→ **Supplied information**:
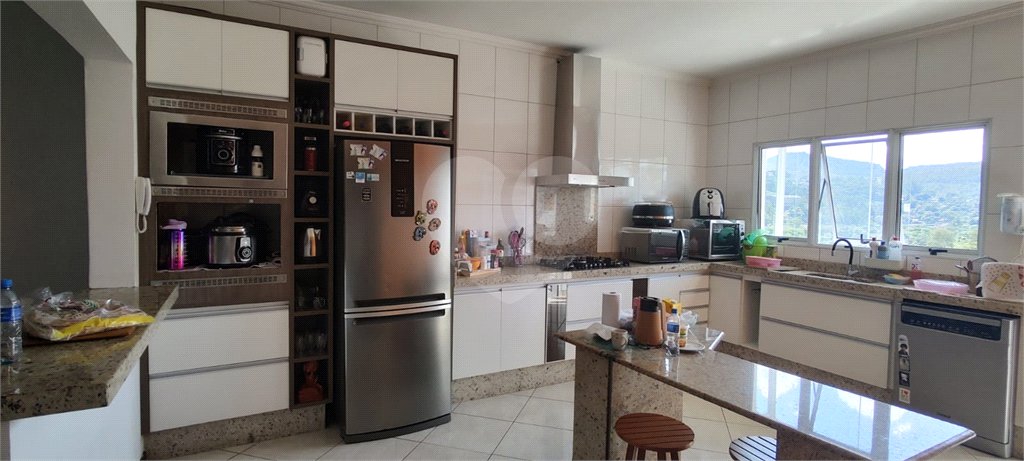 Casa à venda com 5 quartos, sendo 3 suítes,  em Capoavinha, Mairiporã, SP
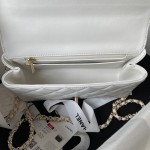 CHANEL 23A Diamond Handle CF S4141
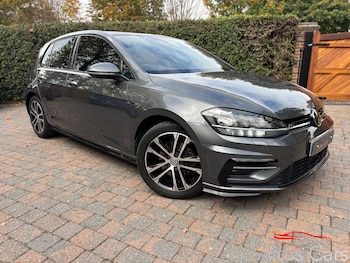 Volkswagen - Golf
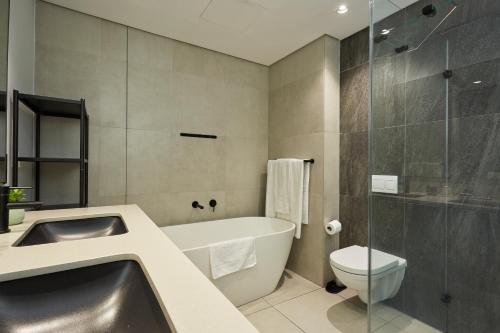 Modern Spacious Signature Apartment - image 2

→ **Task requirements**: Copy out each line of the data exactly as it reads; skip the pictures.

→ **Answer to this exercise**:
 Casa à venda com 5 quartos, sendo 3 suítes,  em Capoavinha, Mairiporã, SP
 CHANEL 23A Diamond Handle CF S4141
 Volkswagen - Golf
 Modern Spacious Signature Apartment - image 2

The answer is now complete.